In this section, the ultimate goal is to improve the adhesion strength of DLC film by introducing gradient layer into the film. Also, the effect of content profile on compressive residual stress and effective hardness is investigated. Through the successful production of FGDLC films, adhesion strength of DLC films is greatly improved and their residual stress is greatly reduced.

Figure 14. SEM images of (a) the side of FGDLC films and (b) surface of film.

Properties of Diamond-like Carbon (DLC) films Deposited by Pulsed Laser Deposition

Objectives

Preparation of DLC Films

Results and Analysis

• sp3 Content
• Residual Stress
• Adhesion Strength

For each experimental parameter set, three DLC films are deposited and for each film the sp3 content is measured three times. From nine measurements, the two largest and two smallest values ​​are excluded, so five data points per each deposition condition are used to observe the behavior of the sp3 content along deposition parameters.
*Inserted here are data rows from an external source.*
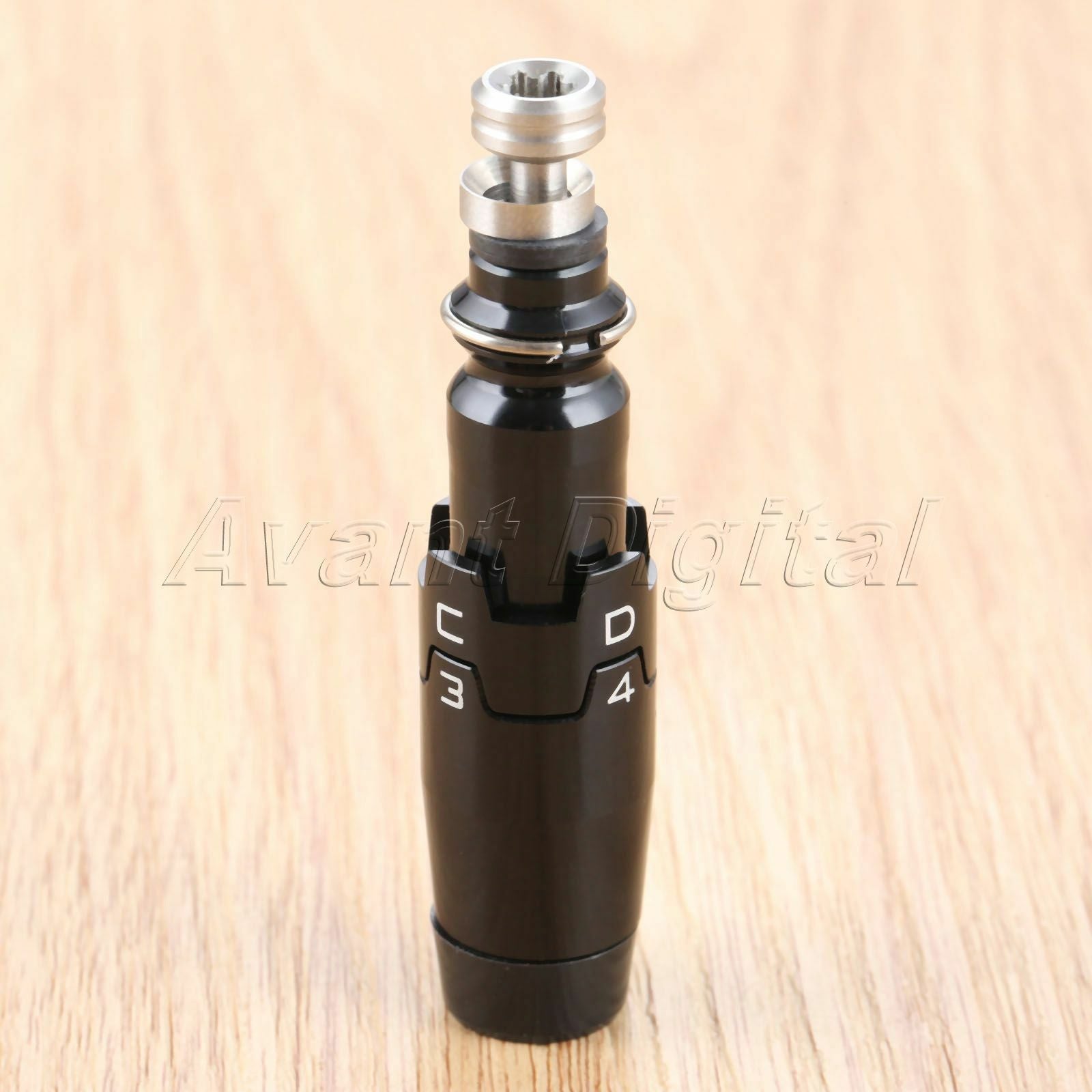 Aluminium Alloy Golf 0.370 Shaft Tip Adapter Sleeve Fit For Titleist 915H Hybrid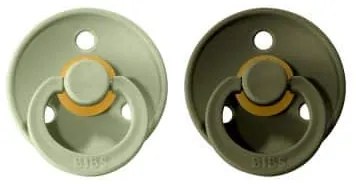 BIBS Colour cumlíky z prírodného kaučuku veľkosť 3 Sage Hunter Green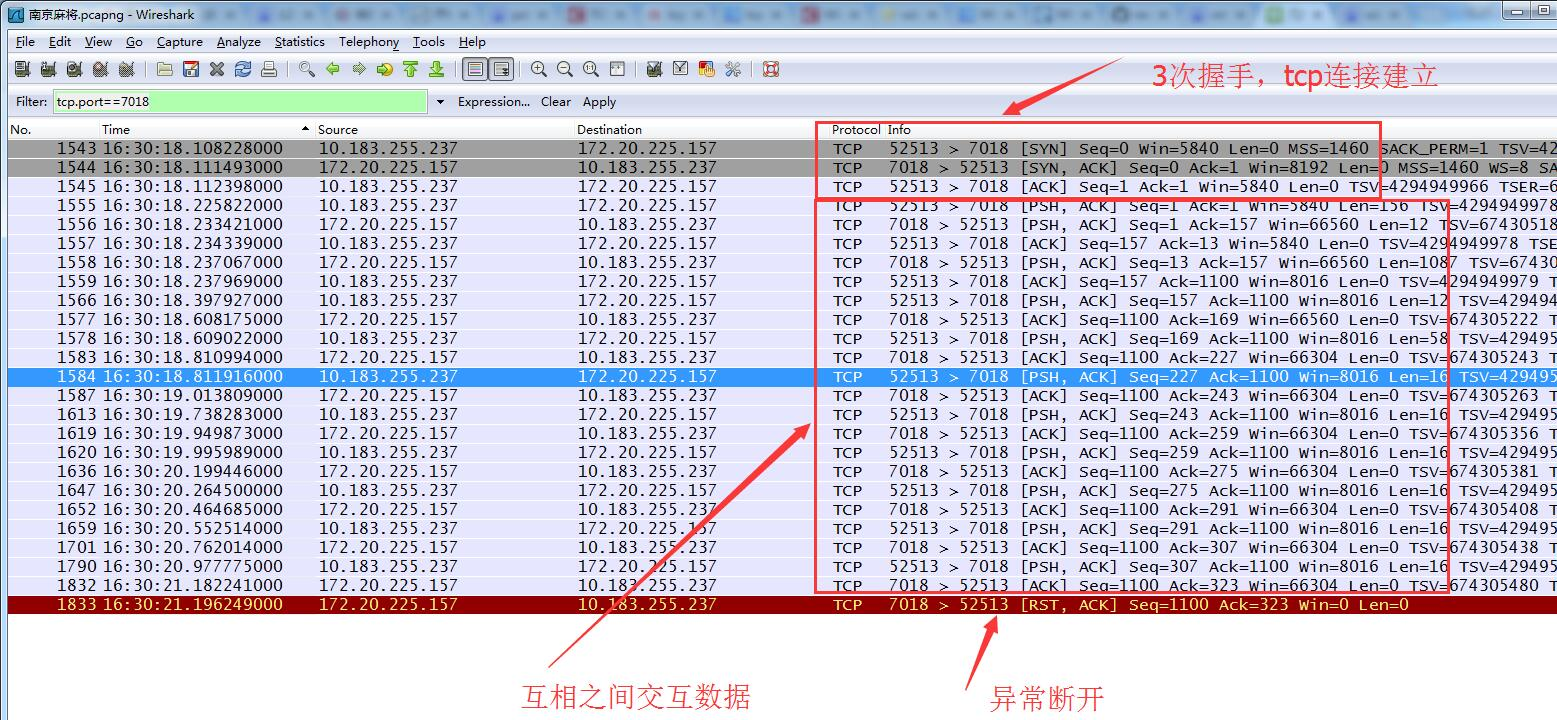 Wireshark常用过滤使用方法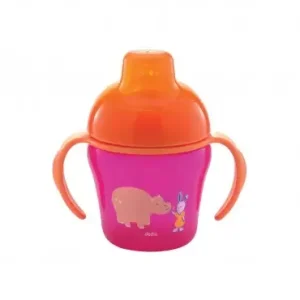 DODIE TASSE D&rsquo;APPRENTISSAGE 200ML ROSE 6 MOIS+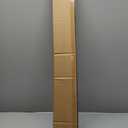 LazBlinds No Tools No Drill 1" Vinyl Mini Blinds, Cordless Blinds for Windows, Light Filtering Horizontal Window Blinds & Shades, 29" W x 36" H, White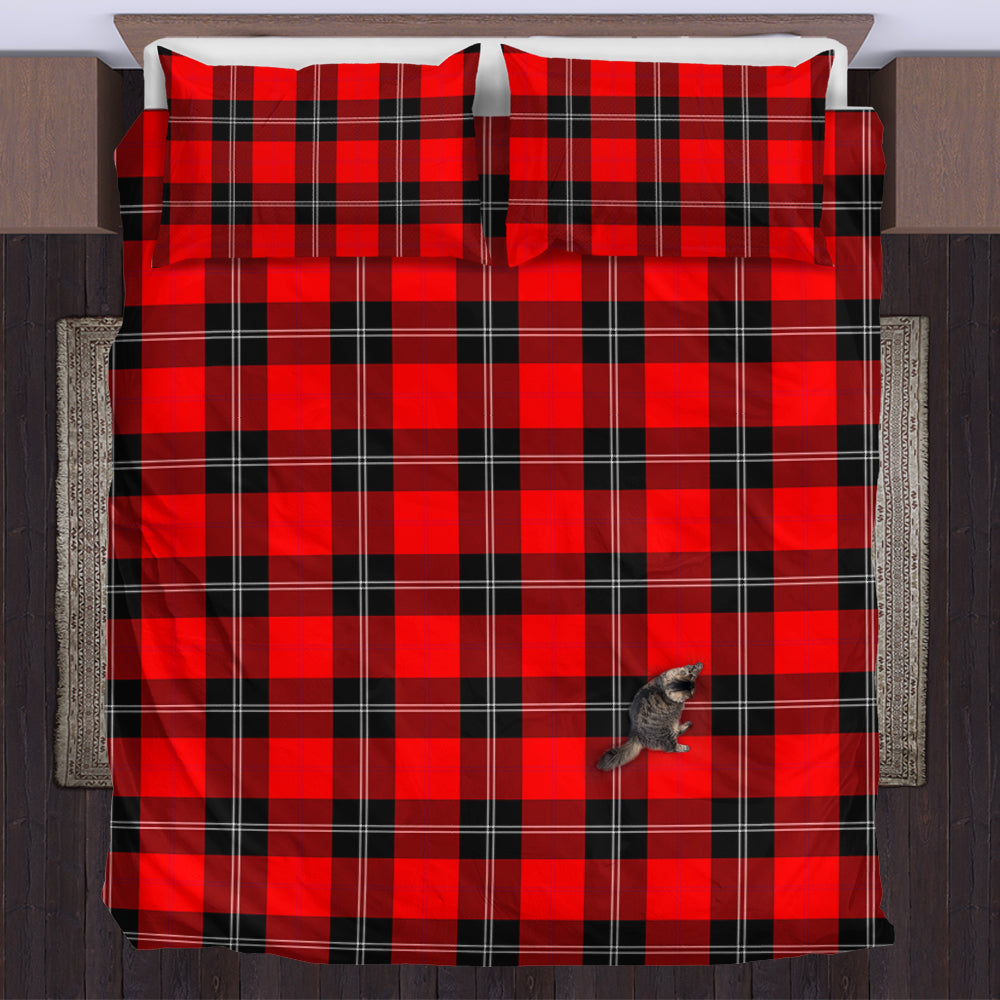 Ramsay Modern Tartan Bedding Set US Bedding Set - Tartan Vibes Clothing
It is clear from the graph that the highest sp3 content value is placed in the upper left corner, which has the highest laser power and the lowest substrate temperature.
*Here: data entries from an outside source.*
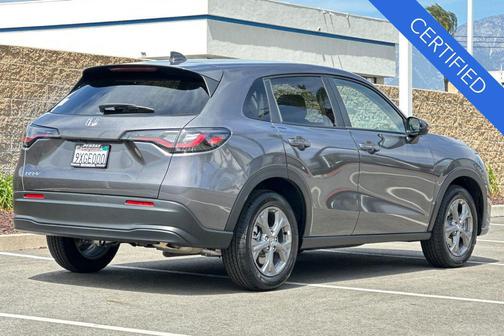 Modern Steel Metallic 2026 Honda HR-V LX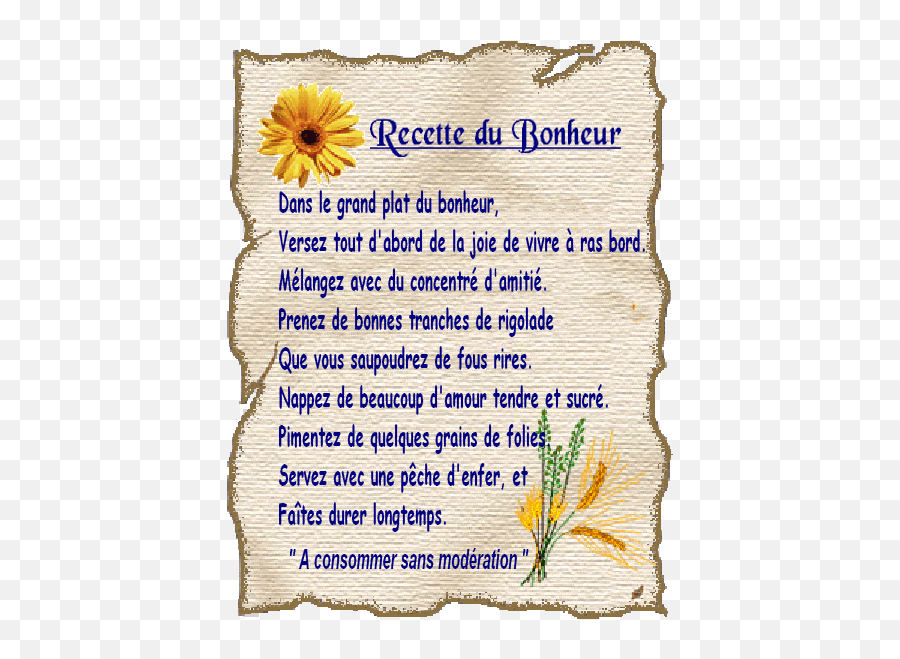 Proverbe Damour - Recette De La Vie Emoji,Emotions De Bonheur Et Joi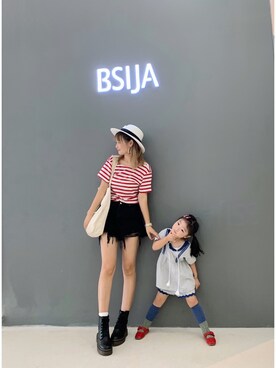 MoMoさん（レディース・164cm）の夏コーディネート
To test the significance of the factors—laser power and substrate temperature—an analysis of variance (ANOVA) is used to analyze the sp3 content results. For ANOVA, the significance level is set at 0.05; if the P-value of a particular experimental factor is less than the significance level, it is considered a significant factor on the response, which in this section is the sp3 content. Strictly speaking, since the P-value from the substrate temperature is much smaller than that from the laser power, it means that the substrate temperature affects the experimental factor more than the laser power on the sp3 content of DLC films.

As shown in Figure 25, compared with sp3 content of DLC films shown in Figure 24, the residual stress of DLC films is the largest when it has the largest sp3 content. There may be more significant factors on this behavior of residual stress of a DLC film, such as deposition mechanisms of the film; however, in this section it can only be compared with the behavior of sp3 content of the film. To obtain the highest value of sp3 content of DLC films deposited by PLD technique, higher laser power and lower substrate temperature are required experimental conditions.
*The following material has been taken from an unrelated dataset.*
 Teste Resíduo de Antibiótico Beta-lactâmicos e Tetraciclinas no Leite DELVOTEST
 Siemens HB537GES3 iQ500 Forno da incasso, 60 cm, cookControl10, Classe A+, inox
Because only a 355 nm beam is used in this thesis, the wavelength effect on the sp3 content is currently unknown. The compressive residual stresses behave similarly with the sp3 content, but the adhesion properties behave oppositely with the sp3 content. When the sp3 content is high, the bond strength is weak and the compressive residual stress is large.

From the results, higher sp3 content causes greater compressive residual stress within DLC films and this will be one of the main reasons for bad adhesion of DLC films. Ki, “Pulsed laser deposition of functional gradient diamond-like carbon (DLC) films using a 355 nm picosecond laser,” Acta Materialia , vol. Kapat, “Characterization of pulsed laser-deposited diamond-like carbon films,” Surface & Coatings Technology, vol.

Hong, “Interfacial studies for improving the adhesion of diamond-like carbon films on steel,” Applied Surface Science , vol. Leu, “Reduced roughness and improved mechanical properties of multilayer diamond-like carbon films by periodic arc deposition,” Journal of the Electrochemical Society , vol.

Figure 23. An example of XPS spectrum (Raw) and three deconvoluted peaks.